Para 43% dos pesquisados hoje está mais fácil conseguir um emprego. Entretanto, para 68%, o poder de compra é menor que um ano atrás. E, tão relevante quanto inesperado, “economia” e “violência” encabeçam o ranking de maiores problemas do Brasil, segundo a sondagem da Quaest.
Freio de arrumação sem recessão
Apesar da turbulência no mercado e de indicadores apontarem para um 2025 menos favorável, é arriscado apostar em cenário péssimo. Um “socorro” poderá vir do campo. Grandes bancos preveem fortalecimento importante do agronegócio, gerando renda e suporte ao PIB já no primeiro trimestre.
“A economia passará por um freio de arrumação devido à política monetária altamente restritiva, mas sem recessão”, avalia Nicola Tingas, economista-chefe da Associação Nacional de Instituições de Crédito, Financiamento e Investimento (Acrefi).

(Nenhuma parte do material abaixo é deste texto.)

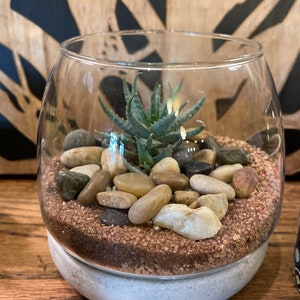 Desert Terrarium, succulents, low light, plant, terrarium, birthday gift, gift,housewarming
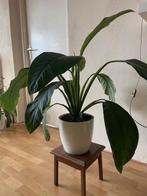 Lepel plant in witte Elho pot met watersysteem, Ophalen, Overige soorten, Halfschaduw, In pot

Em entrevista ao NeoFeed, Tingas observa que a desaceleração da atividade já está dada com inflação e câmbio em forte alta. Um binômio que levará a remarcações de preços e à abertura de um ano difícil, sem contar as repercussões das medidas fiscais e do próprio Orçamento do governo. Entretanto, sem recessão à frente. “Para 2025, estima-se PIB em alta de 1,8% a 2,2%. Expansão menor que 2024, mas não há sinal de retração”, reforça.

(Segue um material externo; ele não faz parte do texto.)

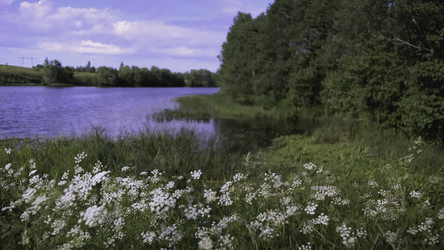 Similar image 22408035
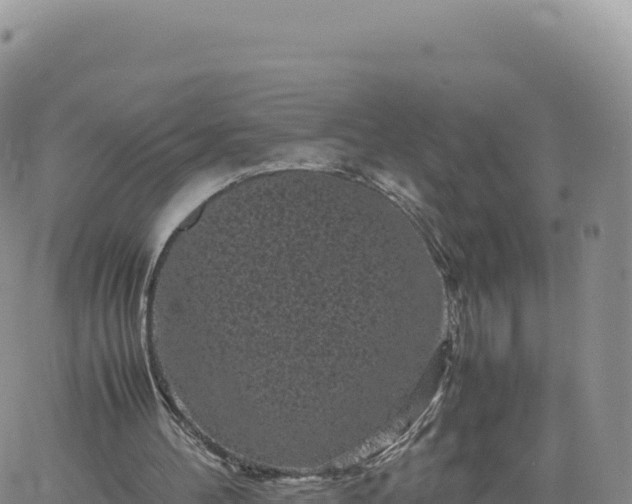 X0000061760100200512091711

Para o economista, o País atravessa uma crise com origem sobretudo fiscal e política, com o governo entregando incerteza ao demonstrar dificuldade em sinalizar claramente sua política fiscal.
E o câmbio, diz, reflete essa deficiência local, além da incerteza decorrente da vitória de Trump à Casa Branca e quanto à política econômica futura dos EUA que coloca em xeque a política de juros executada pelo Federal Reserve. Na quarta-feira, 18, o Fed reduziu sua taxa em 0,25 ponto – para 4,25% a 4,50% – e sinalizou um freio para 2025 que sacudiu ativos no mundo inteiro.
Essas condições apontam para um ambiente mais hostil, observa Tingas, que considera provável que uma parte do sistema financeiro se afaste de um ano muito bom que foi 2024, para um 2025 pautado pela desalavancagem.
“Empresas e famílias vão tentar tomar menos crédito ao mesmo tempo em que as instituições financeiras vão tentar montar carteiras com mais qualidade e, portanto, tomar menos risco. Mas o crédito deverá ter crescimento ainda expressivo no próximo ano”, afirma Tingas.
Ele destaca que em períodos de desaceleração econômica e fluxo de caixa mais apertado muitas empresas refinanciam suas dívidas, mantendo as operações bancárias.
Quanto à demanda das famílias por crédito, o economista é positivo. Avalia que o mercado de trabalho não enfraquece de um dia para o outro e que o governo poderá dar fôlego às operações por meio de bancos públicos. A expansão geral das carteiras poderá recuar de cerca de 11% esse ano para 8% em 2025. “É uma queda, mas a taxa ainda forte”, garante.